• **Task**
What the answer must hold is the line containing "Hot IB Laursen Buntfalttüte Kraftpapier" and all lines after it through the end of the listing, copied exactly, with pictures left out.

• **Dataset excerpt**
* * * *

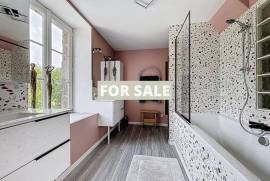 Detached Former Water Mill in Bucolic Location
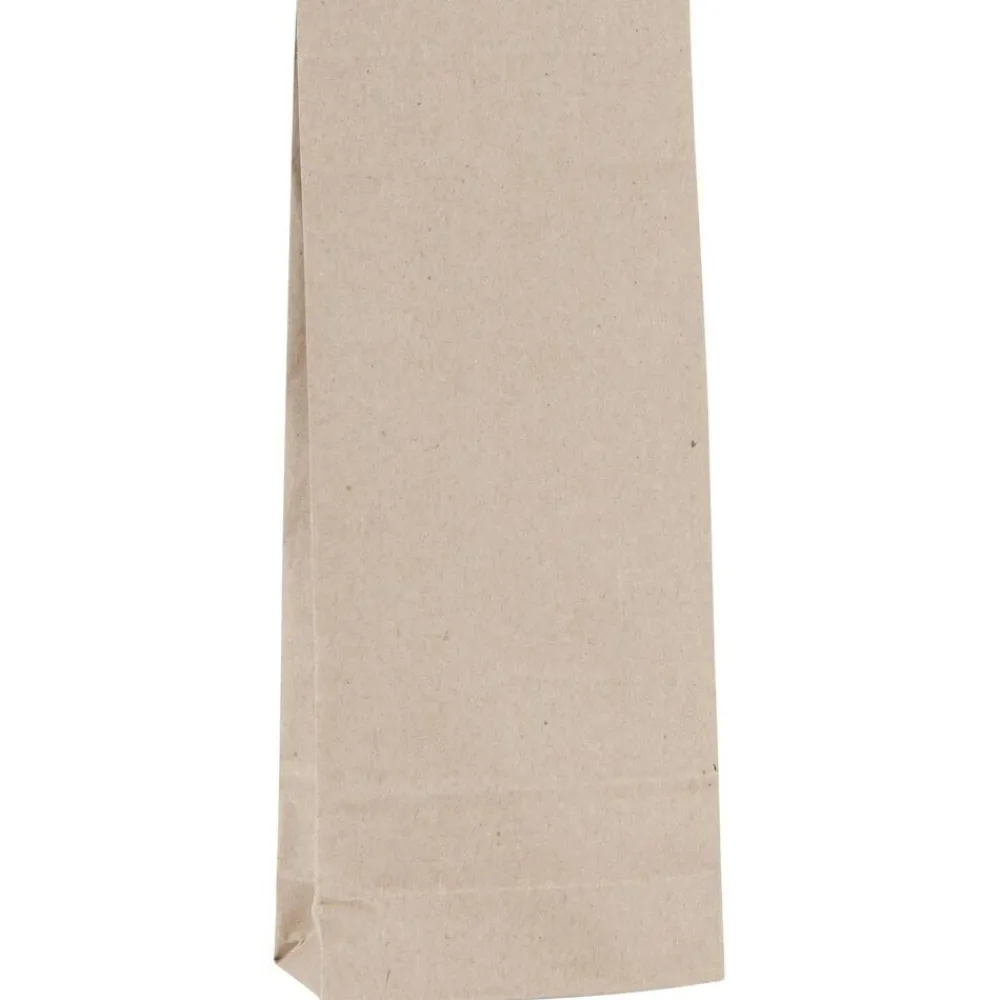 Hot IB Laursen Buntfalttüte Kraftpapier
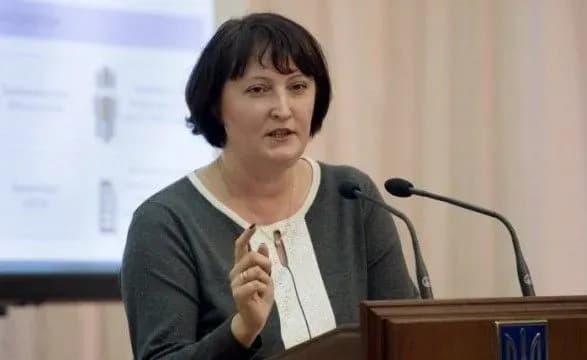 ВАКС розгляне справу ексголови НАЗК Корчак 10 грудня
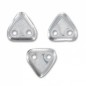 CzechMates Triangle 6mm Labrador x 50ks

* * * *

• **Exercise result**
 Hot IB Laursen Buntfalttüte Kraftpapier
 ВАКС розгляне справу ексголови НАЗК Корчак 10 грудня
 CzechMates Triangle 6mm Labrador x 50ks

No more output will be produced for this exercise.